They’re so valuable that when I’m asked to speak to industry organizations, I often use the results to illustrate any number of points. For instance, I recently spoke to a group about how millennials are disrupting jewelry retail. I went back to last year’s Big Survey to reference this fascinating result: 51 percent of stores who were thriving said that the rise of millennials has been good for business, while only 18 percent of stores who were struggling said the same.
It’s questions (and results) like these that make The Big Survey so indispensable when charting the future of your business.
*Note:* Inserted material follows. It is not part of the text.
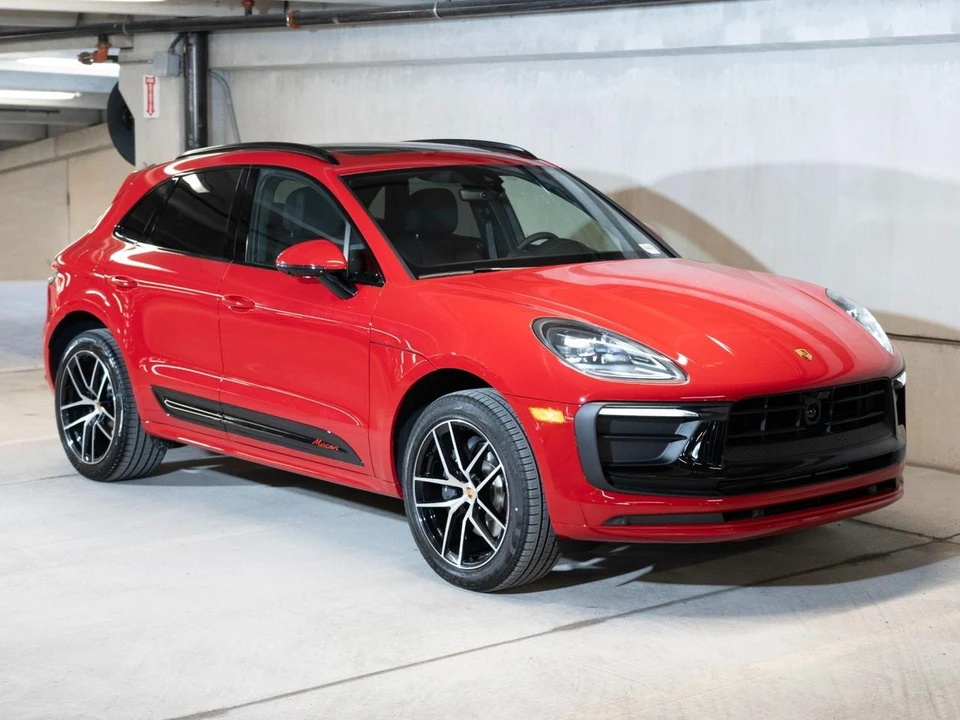 2026 Porsche Macan Electric - Image 7 of 29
In this case, it’s clear that if your store doesn’t cater to the needs of millennials, you’re more likely to struggle.

This year’s survey includes results like:

  • the best-performing jewelry and watch brands
  • salary comparisons for owners and staff
  • the “dark arts” of streetwise jewelers
  • the most impactful tech for jewelry store owners

And much, much more! I hope you’ll read this year’s survey not only for the fun bits and responses that make you go “huh,” but also for the takeaways that could set you up for future success.

Trace Shelton

Editor-in-Chief, INSTORE
trace@smartworkmedia.com

Five Smart Tips You’ll Find in This Issue

1. Remove store fixtures that are too tall to allow shoppers to look across and take in your store. (Manager’s To-Do, p. 26)
2. Make sure your staff is fully aware of what holiday promotions will run when. (Manager’s To-Do, p. 26)
3. Always ask prospective employees, “What was the best day at work you’ve had in the past three months?” (Ask INSTORE, p. 70)
4. After any holiday sale, ask the client, “How many others are on your list?” (Shane Decker, p. 70)
5. Attend local small-business meetings to search out possible cross-marketing opportunities. (Cool Stores, p. 76)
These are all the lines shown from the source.